Camp Edwards’ two motor pools house road construction equipment, which is being moved to Camp Casey. The 82nd operates 110 vehicles, including 26,000-lb. compactors, 63,000-lb. scrapers and 26,000-lb. vibe rollers.

Some of the equipment could be driven to Camp Casey, but other pieces had to be hauled on trailers, Srinivasan said.

“In a lot of ways the move is going to be beneficial. We do parts runs every day where we have to drive to Camp Casey and back, so a lot of those individual movements are going to be consolidated in one place,” he said.

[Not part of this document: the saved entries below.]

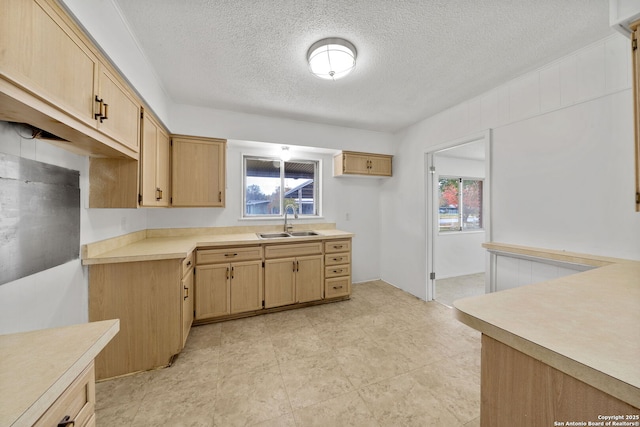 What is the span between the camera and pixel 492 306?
864 millimetres

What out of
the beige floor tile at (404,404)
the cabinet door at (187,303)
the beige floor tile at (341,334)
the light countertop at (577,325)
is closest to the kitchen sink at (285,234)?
the cabinet door at (187,303)

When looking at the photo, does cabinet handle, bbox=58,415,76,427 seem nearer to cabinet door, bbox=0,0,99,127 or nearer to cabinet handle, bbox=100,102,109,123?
cabinet door, bbox=0,0,99,127

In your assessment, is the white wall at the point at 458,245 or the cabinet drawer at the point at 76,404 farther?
the white wall at the point at 458,245

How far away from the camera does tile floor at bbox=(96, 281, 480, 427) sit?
1.42 meters

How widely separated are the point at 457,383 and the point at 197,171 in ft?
10.5

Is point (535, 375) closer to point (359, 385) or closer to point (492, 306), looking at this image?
point (492, 306)

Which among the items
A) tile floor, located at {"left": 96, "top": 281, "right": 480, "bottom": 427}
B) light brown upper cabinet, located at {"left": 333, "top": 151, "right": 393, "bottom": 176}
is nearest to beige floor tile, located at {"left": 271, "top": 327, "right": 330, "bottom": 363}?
tile floor, located at {"left": 96, "top": 281, "right": 480, "bottom": 427}

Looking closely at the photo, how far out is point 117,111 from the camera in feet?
4.92

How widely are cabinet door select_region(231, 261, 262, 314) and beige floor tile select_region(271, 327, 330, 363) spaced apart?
0.51 metres

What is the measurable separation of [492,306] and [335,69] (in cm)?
189

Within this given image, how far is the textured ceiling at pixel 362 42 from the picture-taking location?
1.44 meters

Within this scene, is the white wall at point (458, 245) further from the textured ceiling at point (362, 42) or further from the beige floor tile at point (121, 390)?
the beige floor tile at point (121, 390)

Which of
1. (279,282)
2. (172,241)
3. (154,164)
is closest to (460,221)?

However, leaving Camp Edwards is emotional for the commander.

“I have been here longer than most soldiers. I first came to the Western Corridor in 1996 with the 44th Engineer Battalion [now serving in Iraq],” said Srinivasan, who is looking after the 44th’s mascot, a large dog named Bruno.

An advance party already had been at Camp Casey for several weeks preparing buildings for the bulk of the company, he said. “By next week the focus at Camp Edwards will be closing out and cleaning up.”

The 82nd had a special relationship with the town, hosting a Halloween Party for children from a local orphanage, he said.

One of the soldiers helping prepare equipment for the move, Pvt. Julio Villanueva, 22, of Chicago, said his room at Camp Casey will be smaller than his room at Camp Edwards, but he’s looking forward to being in a larger camp with a post exchange.

Another soldier helping with the move, Sgt. Joseph Gardner, 28, of Shreveport, La., spent two years at Camp Edwards and remembers climbing up the hill behind the camp to view Paju and the surrounding mountains and countryside. “I’ll miss it, but like everything you have to move on,” he said. “We are going to a bigger installation with a lot more people around.”

Camp Casey’s new motor pool will be an improvement over Edwards’s two motor pools, Gardner said: “There we will all be together.”


A bulldozer is carried out of the Camp Edwards motor pool on Friday, bound for a new home at Camp Casey.